# confused with eheim 2217 Help



## tinman (Nov 3, 2009)

Just got my eheim 2217 

damn its biig 

lol. now im confused about the pipes part. am i supposed to cut the pipes inorder to connect them to the easy shut valves ?? 

also is it too big for my 30 tall  

hope my fish wont get blown away


----------



## WhiteGloveAquatics (Sep 3, 2009)

the intake pipes? what do you mean too tall?

take a pic with the parts in question.... I am unfamiliar with the model but not the way their filters churn.


----------



## tinman (Nov 3, 2009)

lol 

i meant the easy shut off valves 

and i meant my tank is a tall tank 

just installed it and its running 

wow super quite and also flow isnt too much for my tank measured at 180 gph with all the filter media


----------



## WhiteGloveAquatics (Sep 3, 2009)

Mine has a bulkhead on it

Those are just like the magnum, cut the line and put the things in wherever they suit your needs the best. Capiche?


----------



## jrman83 (Jul 9, 2010)

Glad you figured it out. It definitley isn't too much for your tank size, whether it is for your fish you'll need to watch for and adjust flow as you need to. Like I've said, I have the same on my 29g.


----------



## tinman (Nov 3, 2009)

So the advertised flow of 265 gph isn't really true or is it with out media ? 

I tested mine with 5 gallon bucket and it showed 180-190 gph


----------



## jrman83 (Jul 9, 2010)

Not sure. Never thought to do that.


----------



## aquaticsnerd (Jan 29, 2011)

tinman said:


> So the advertised flow of 265 gph isn't really true or is it with out media ?
> 
> I tested mine with 5 gallon bucket and it showed 180-190 gph


You'll find that the gph will vary. Once you have media inside of the filter, the gph will be much lower. 265gph is probably with barely any media installed.


----------



## tinman (Nov 3, 2009)

ummm ok

nah i dint particulrly but when primiing it i just let it run for a while in a 5 gallon bucket then thought id just see how much its outputting  


with 265 gph advertised i thought my tank is gonna be a mini whirlpool lol 
but i faced the spray bar holes to the galss and the flow is pleasent


----------



## tinman (Nov 3, 2009)

ummmm 

i dont know how much sound eheim canisters make but mine is definetly making a little more sound than yesterday. i shaked it a little to let the air trapped get out and there still is some humming noise.


----------



## saltydad (Jun 27, 2008)

I used a 2217 for years on a 75g fish-only salt tank. Loved it, and never noticed any sound problems. Of course, I had a 1/4 hp chiller running right next to the tank. *banana dance


----------



## tinman (Nov 3, 2009)

the sound is soo annoying ( not physically but for the price paid lol )) 

it makes as much soound as a refrigerator hum :| 

is this common with eheim 2217 ?


----------



## jrman83 (Jul 9, 2010)

I can't hear hardly anything from mine.


----------



## lefty31 (Jul 19, 2010)

I just set my Eheim 2217 up today.

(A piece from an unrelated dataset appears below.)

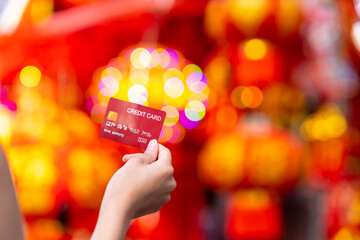 Wall Mural - Business financial and cashless payment concept. Woman hand holding credit card shopping at Chinatown street market in the city. Happy Asian people enjoy celebration Chinese lunar new year festival.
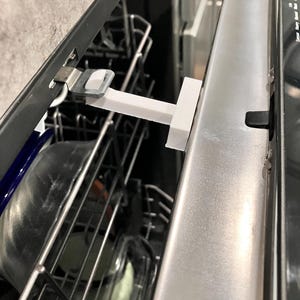 Może przedstawiać: Biała blokada drzwi zmywarki w kształcie litery T zamontowana na zmywarce ze stali nierdzewnej. Blokada ma zapobiegać otwieraniu drzwi. Widoczne jest wnętrze zmywarki z koszami i naczyniami.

I just shook the canister every 10min or so until no more air purged from the canister. Now I can't hear it the least. My air pump though is getting a bit nerve racking......


----------



## majerah1 (Oct 29, 2010)

You can purge it to get the air out,or check to see if theres any debris in the impeller(dont know how to do those to eheims,I have a magnum and a rena....


----------



## lefty31 (Jul 19, 2010)

I don't see a "purge" type button or method on the classics. Read somewhere about shaking it to make the air surface. Worked for me and should for you =D


----------



## tinman (Nov 3, 2009)

i actually emptied it and did the priming correct way and shaked it a lot and got out all the bubbles 

but still i can hear a humming kinda sound from it 

like an airpump !!  

what should i do  its new so no debris can be at the impeller


----------



## jrman83 (Jul 9, 2010)

What is it sitting on? Try sitting something underneath it, like a folded towel to provide some cushion? Mine actually sits directly on the carpet with a tank set up in a corner. I have to touch it to see if it is running.


----------